2. The Promise: Eternal Life. If we come back to God in repentance and faith, then God’s promises to live in us and with us, both in this life and the one to come. Eternal life is really “knowing Him” (John 17:3). One of my favorite verses in the Bible is John 10:10: “I have come that they might have life, life more abundantly.” God granting us a new chance at “life” is the key concept of both Old and New Testaments (Deuteronomy 30:19, and John 3).
3. The Means: Die to Yourself. The way a person enters into relationship to God and eternal life is brokenness, humility, repentance from sin, and child-like trust in God’s ability to save us through Jesus’ atonement. All these words describe a death to self process that helps us grow the character of God in our lives (Luke 9:23, Mark 8:34, 35 and 1 Corinthians 15:31).
4. The Result: Really Live! When we turn from our sins and give God his rightful place in our hearts, we come into alignment with the Kingdom of God and his righteous rule of truth and love. We become children of God who will be a part of his family forever–both in this life and the next.

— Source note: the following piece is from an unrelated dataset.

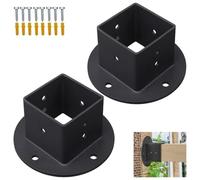 Manillefu Lot de 2 bases de poteau de clôture carrées de 5,1 x 5,1 cm, kit de support de bride pour terrasse, balustrade, pergola, boîte aux lettres, avec vis pour béton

Now let’s look at the Koranic “Good News,” or what is required to be pleasing to Allah.
Koranic Good News
1. The Ultimatum: Submit. Islam literally means “submission to God” (Koran 3:19). It is not really an invitation, but a command for a person to do every aspect of the will of Allah.
2. The Promise: Eternal Lust (Men Only). From the very beginning, Mohammed encouraged his fighters to die for the faith, promising them that death by jhad would guarantee them Paradise (jannah) which included exclusive access to seventy virgins (houris) who would satisfy their sexual appetites forever (E.g. Koran 56:22, 78:33 and Hadith 2687).
3. The Means: Death to Infidels. Though Islam encourages death to earthly appetites and passions (such as fasting furing Ramadan), the greatest reward is reserved for those who kill infidels (any non-Muslim) to advance Muslim dominance in the world (umma). Koranic examples: 9:123 – “Believers, make war on the infidels who dwell around you,” and 47:4 – “When you meet the unbelievers in the battlefield strike off their heads and, when you have laid them low, bind your captives firmly.”
4. The Result: Many Die. When radical Muslims take the Koran at its word, you get the 9-11 disaster of thousands dying, or the recent beheadings of American journalists by ISIS.
As you can see, the Biblical and Koranic Gospels are extremely different:
- The God of the Bible invites people to come, live, die to sin, and really live.
- The God of the Koran demands that people submit, lust, murder others, and force the world under sharia law.
Which message do you think is really Good News?
I sincerely hope in the coming months that we as individuals and nations understand the radical difference between the Biblical and Muslim gospels.
Only one is true–and is worth believing and living for.